**Stored data**
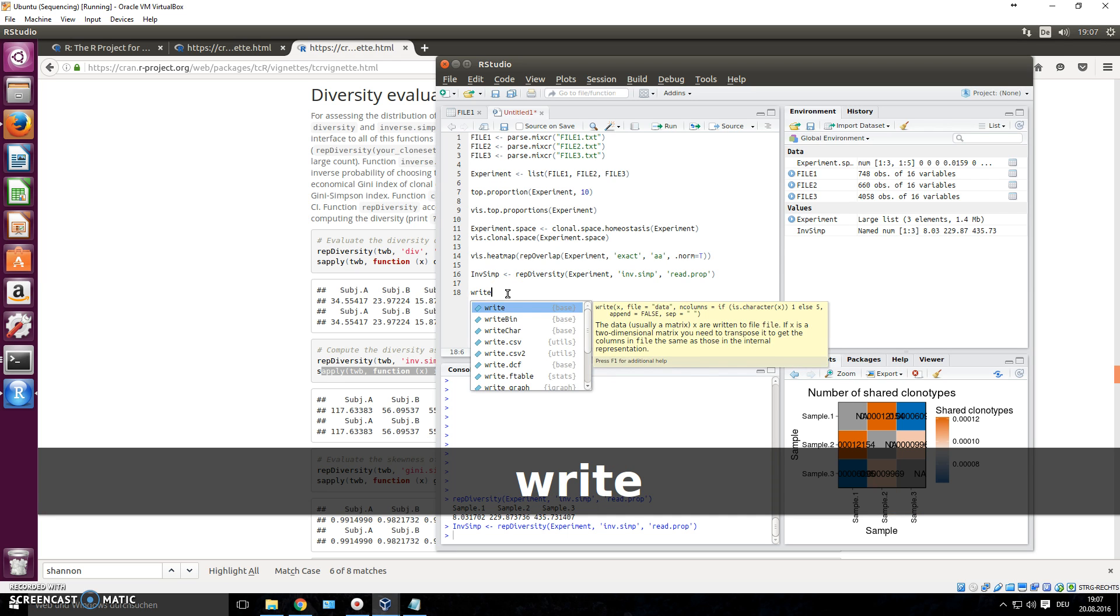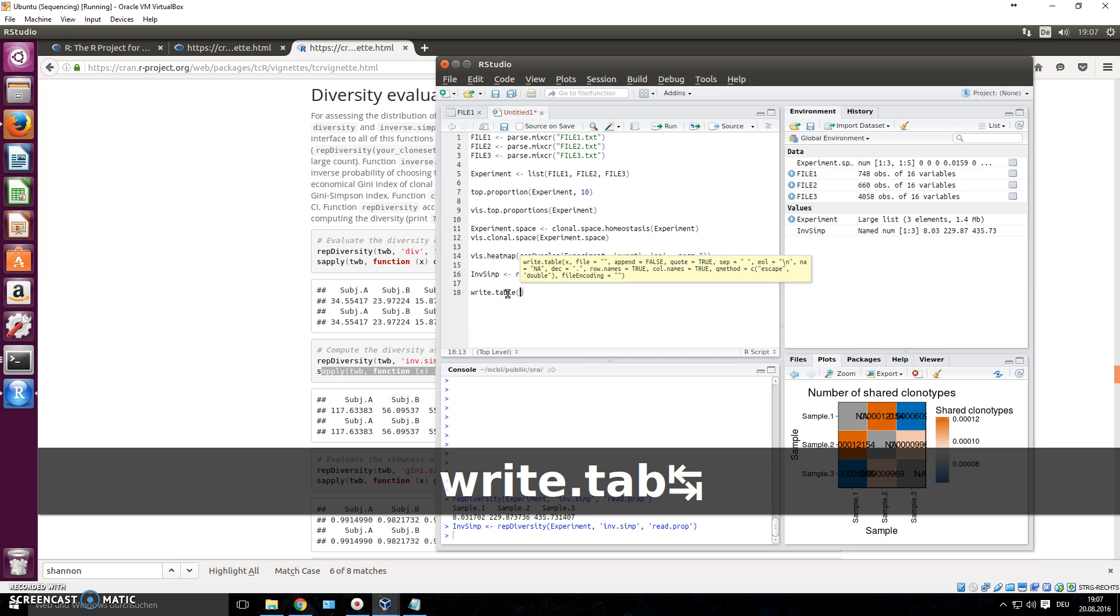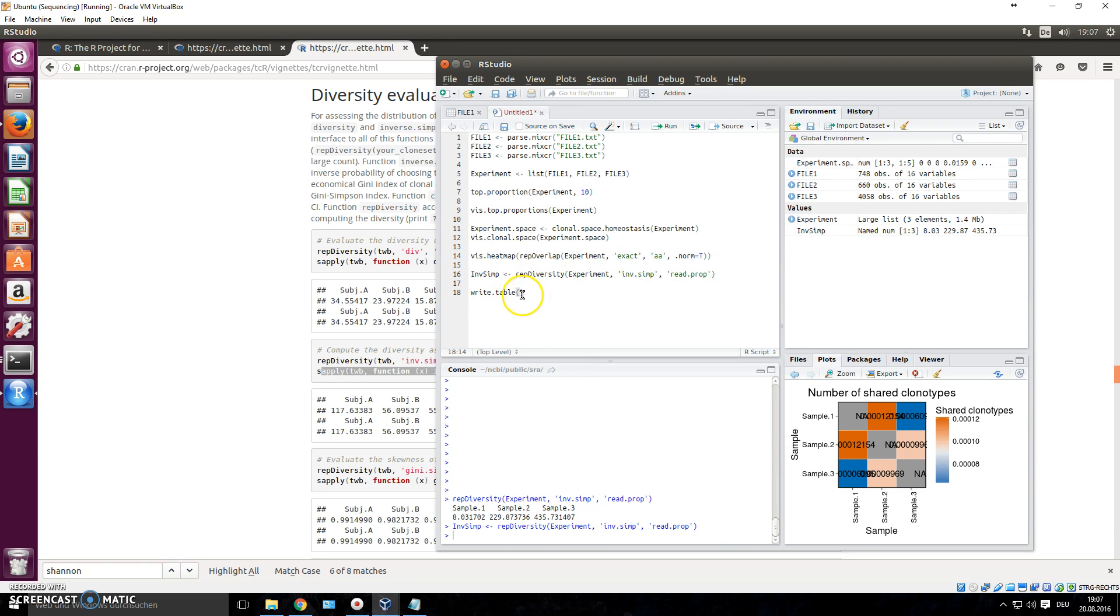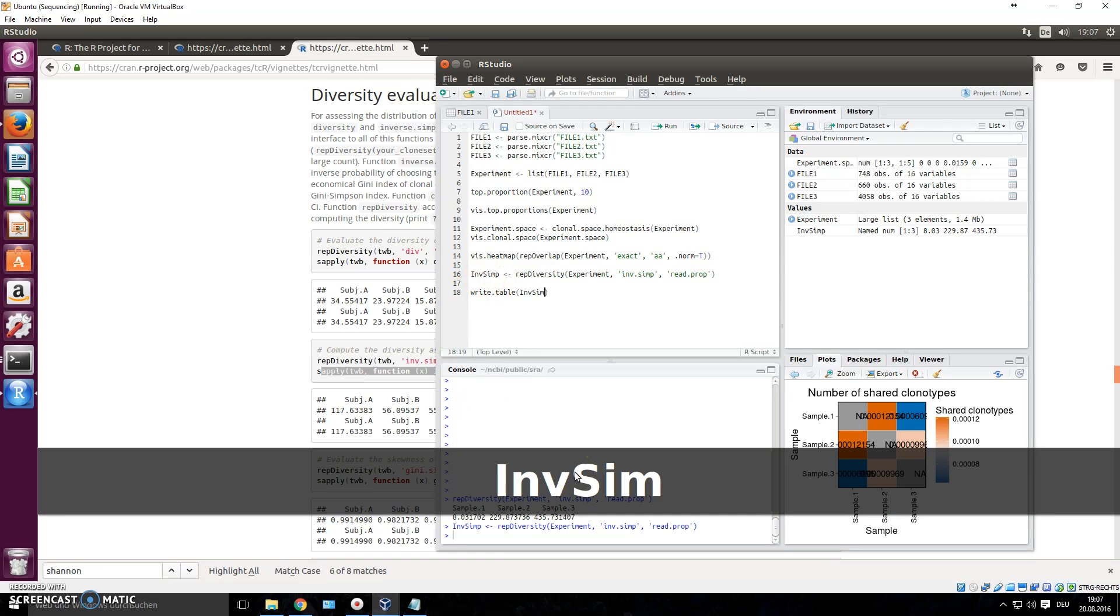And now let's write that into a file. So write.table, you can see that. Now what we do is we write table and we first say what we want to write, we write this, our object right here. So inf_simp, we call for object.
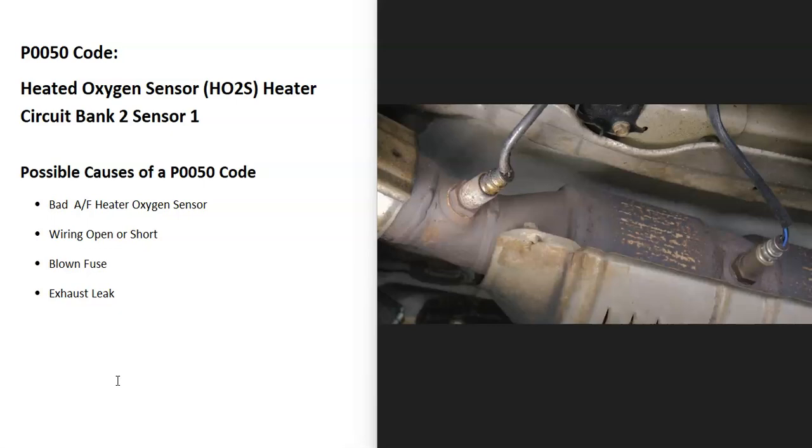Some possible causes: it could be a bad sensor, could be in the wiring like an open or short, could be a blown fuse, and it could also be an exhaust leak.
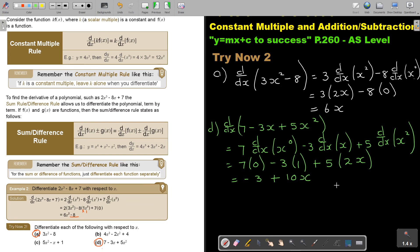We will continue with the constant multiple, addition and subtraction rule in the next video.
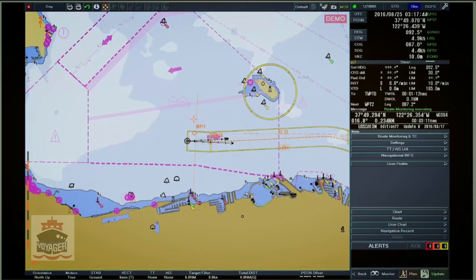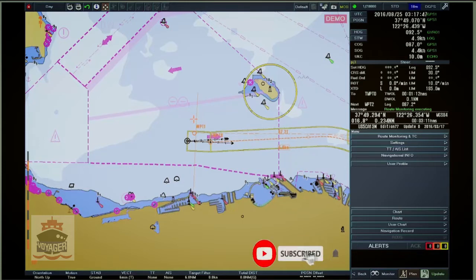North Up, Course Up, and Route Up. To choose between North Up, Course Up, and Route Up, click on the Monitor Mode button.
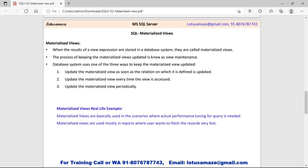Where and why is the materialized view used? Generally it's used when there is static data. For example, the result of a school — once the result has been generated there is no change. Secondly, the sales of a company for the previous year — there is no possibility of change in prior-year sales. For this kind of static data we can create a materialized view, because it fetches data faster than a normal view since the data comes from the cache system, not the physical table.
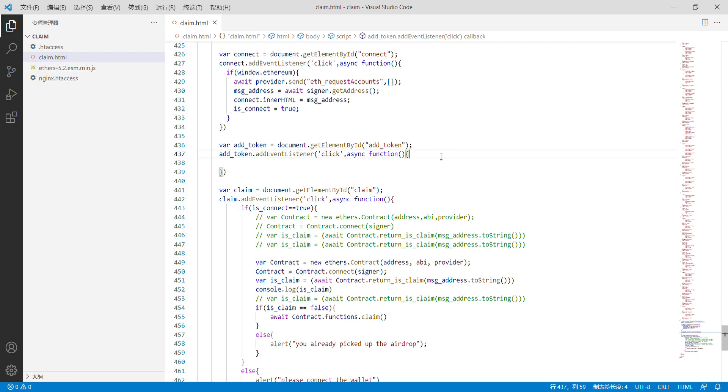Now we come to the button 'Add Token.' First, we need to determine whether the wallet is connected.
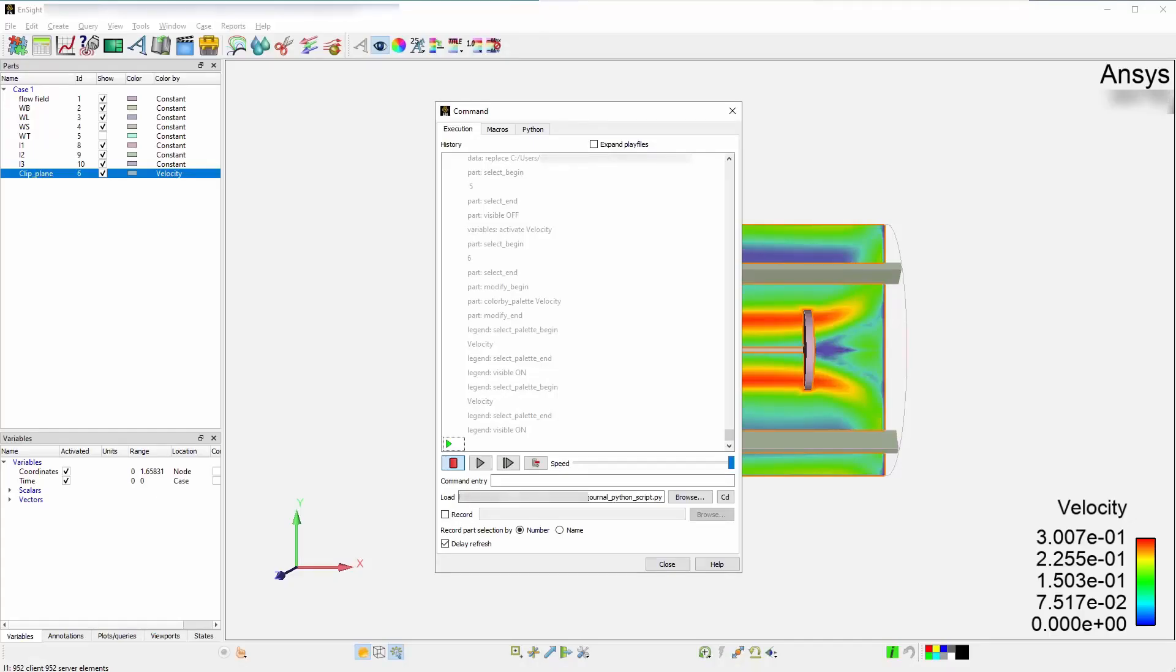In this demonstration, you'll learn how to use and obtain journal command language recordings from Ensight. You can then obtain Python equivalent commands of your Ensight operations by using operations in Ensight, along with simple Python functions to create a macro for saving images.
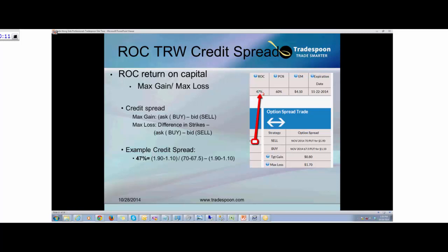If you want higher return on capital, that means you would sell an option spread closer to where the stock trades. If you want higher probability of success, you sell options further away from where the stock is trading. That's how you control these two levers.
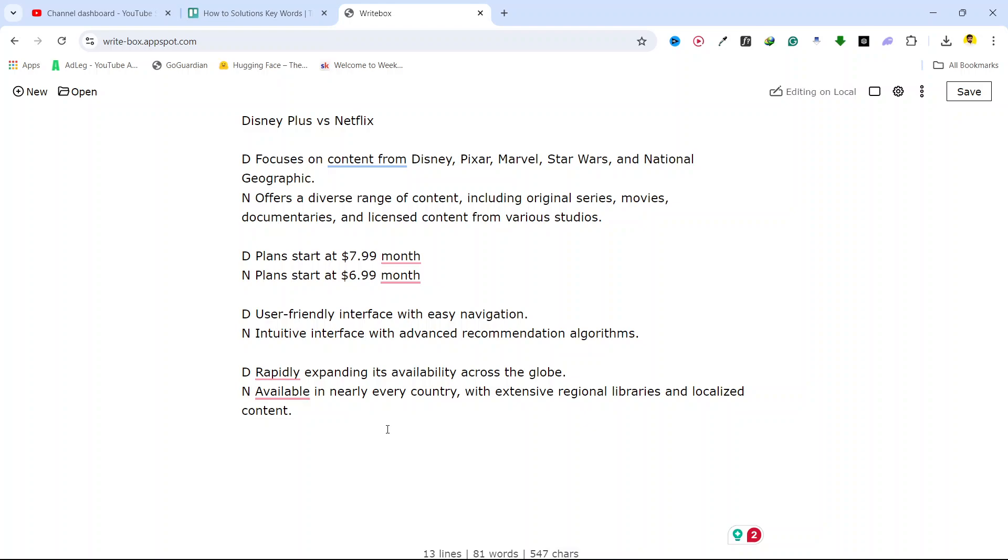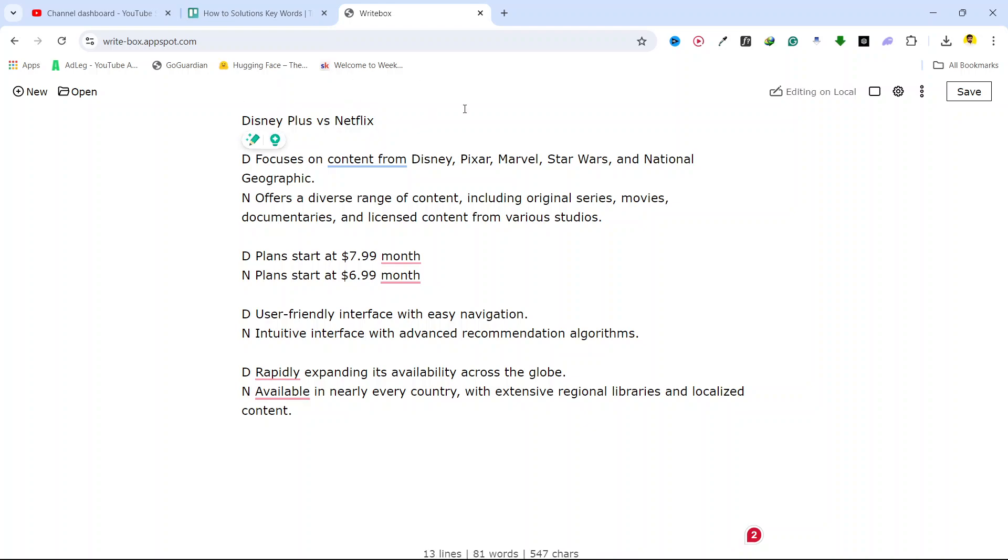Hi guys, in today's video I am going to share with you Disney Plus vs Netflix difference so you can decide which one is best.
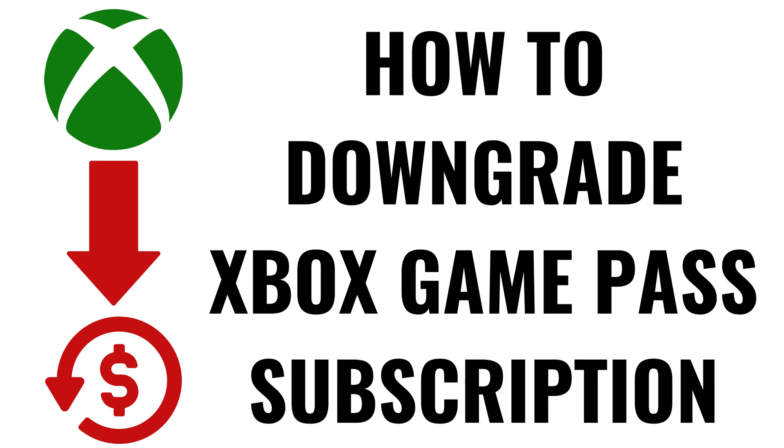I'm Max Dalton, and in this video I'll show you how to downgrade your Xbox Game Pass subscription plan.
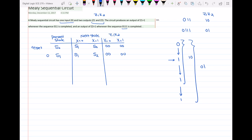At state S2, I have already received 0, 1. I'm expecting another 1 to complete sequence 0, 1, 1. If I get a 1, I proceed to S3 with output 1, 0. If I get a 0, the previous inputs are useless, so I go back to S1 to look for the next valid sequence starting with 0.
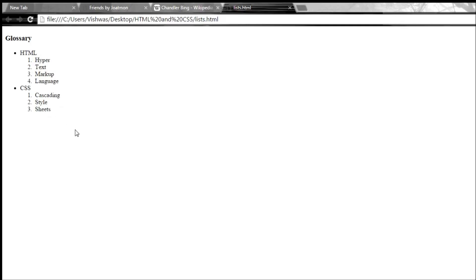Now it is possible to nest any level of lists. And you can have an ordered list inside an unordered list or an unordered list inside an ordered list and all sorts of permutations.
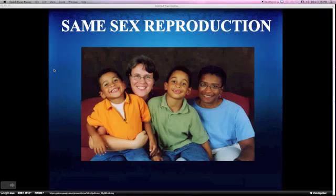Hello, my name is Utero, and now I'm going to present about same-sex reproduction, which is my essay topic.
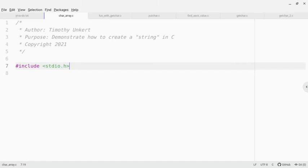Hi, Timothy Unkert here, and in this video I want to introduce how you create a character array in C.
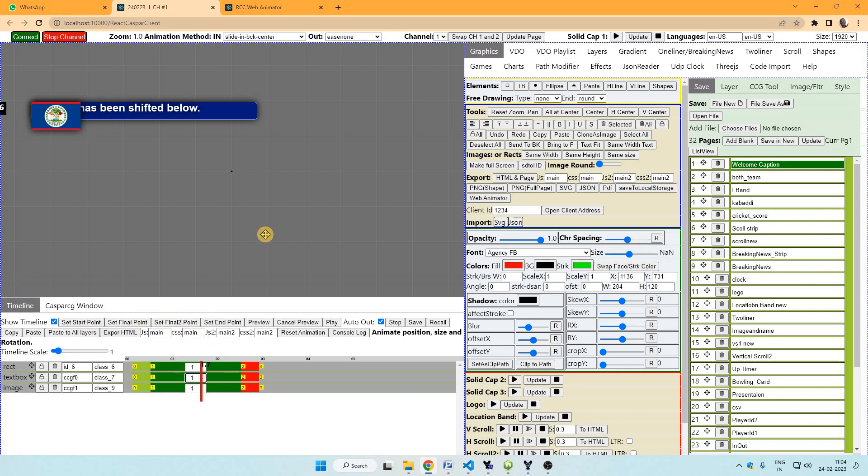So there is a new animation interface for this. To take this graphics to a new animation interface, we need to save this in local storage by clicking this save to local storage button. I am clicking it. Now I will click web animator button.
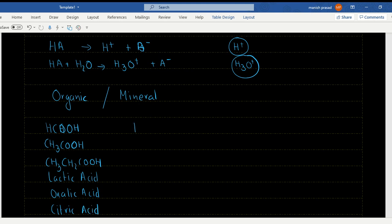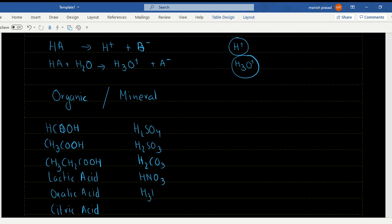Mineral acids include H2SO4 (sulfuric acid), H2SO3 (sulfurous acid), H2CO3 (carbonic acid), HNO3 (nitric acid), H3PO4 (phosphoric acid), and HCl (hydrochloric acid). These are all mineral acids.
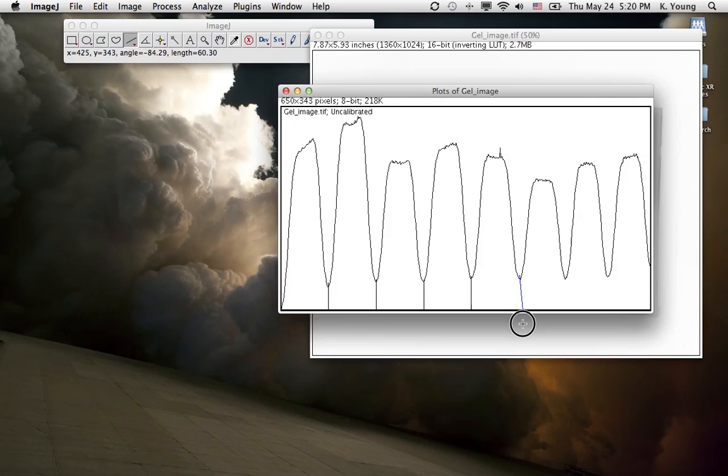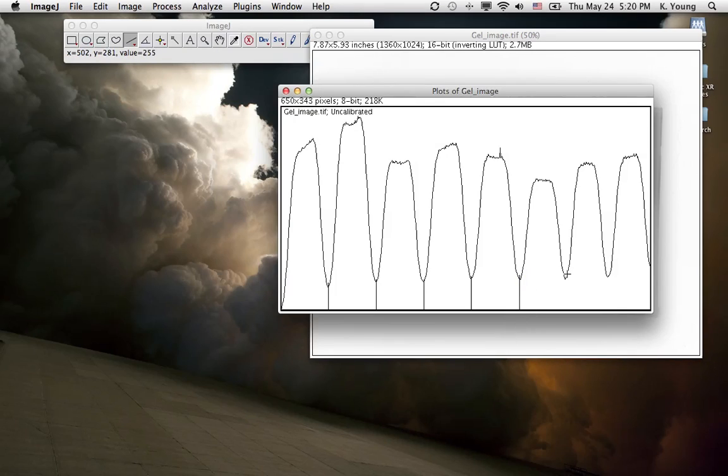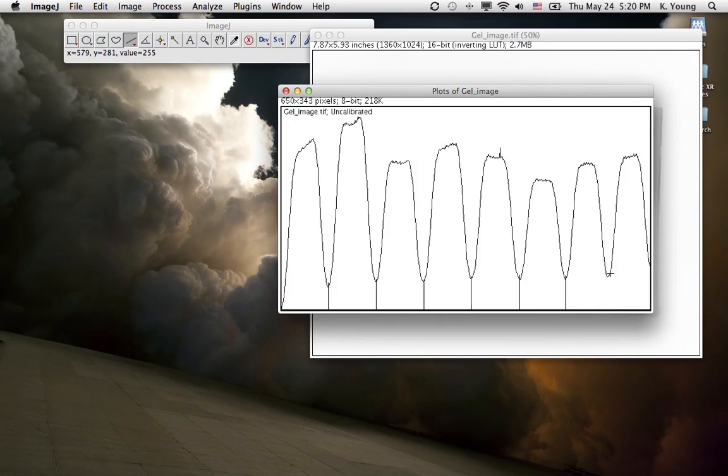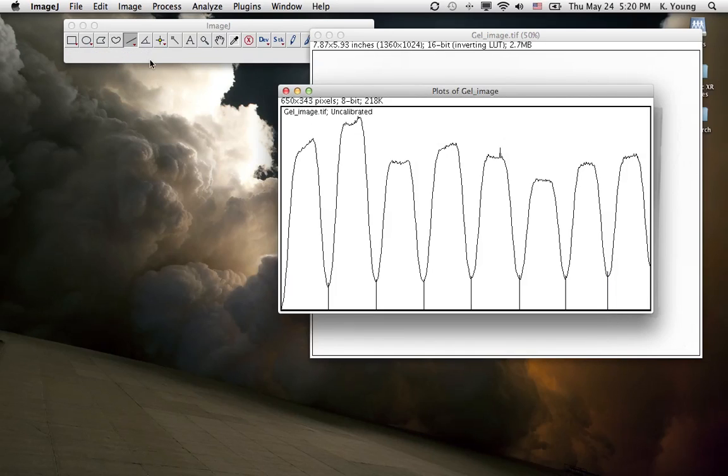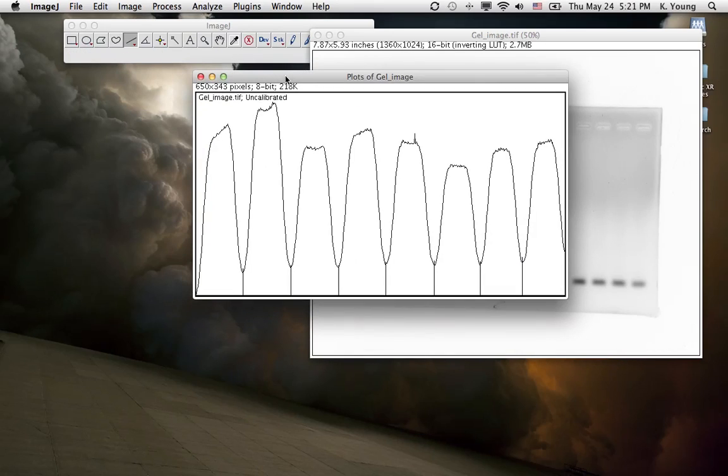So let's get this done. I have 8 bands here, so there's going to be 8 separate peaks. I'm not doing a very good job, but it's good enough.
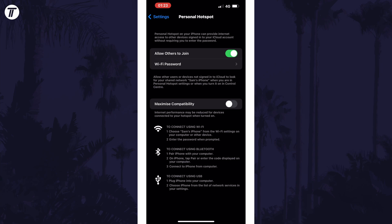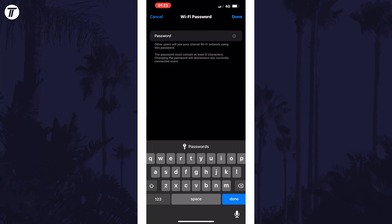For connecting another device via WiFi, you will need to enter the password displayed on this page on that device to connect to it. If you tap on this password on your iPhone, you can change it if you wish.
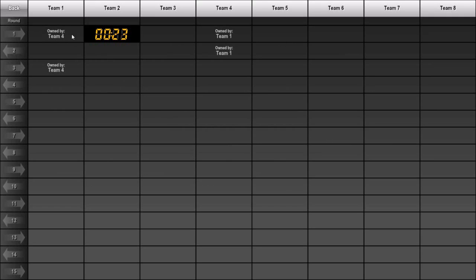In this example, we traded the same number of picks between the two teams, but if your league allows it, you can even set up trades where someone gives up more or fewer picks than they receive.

**Exercise description**
Working from the entries above, reproduce exactly and only the lines beginning with the line that has "Where and why" and ending with the line that has "I'm Max Dalton, and"; omit all pictures.

**Solution to the exercise**
Where and why is the materialized view used? Generally it's used when there is static data. For example, the result of a school — once the result has been generated there is no change. Secondly, the sales of a company for the previous year — there is no possibility of change in prior-year sales. For this kind of static data we can create a materialized view, because it fetches data faster than a normal view since the data comes from the cache system, not the physical table.
Now we come to the button 'Add Token.' First, we need to determine whether the wallet is connected.
In this demonstration, you'll learn how to use and obtain journal command language recordings from Ensight. You can then obtain Python equivalent commands of your Ensight operations by using operations in Ensight, along with simple Python functions to create a macro for saving images.
If you want higher return on capital, that means you would sell an option spread closer to where the stock trades. If you want higher probability of success, you sell options further away from where the stock is trading. That's how you control these two levers.
Hi guys, in today's video I am going to share with you Disney Plus vs Netflix difference so you can decide which one is best.
I'm Max Dalton, and in this video I'll show you how to downgrade your Xbox Game Pass subscription plan.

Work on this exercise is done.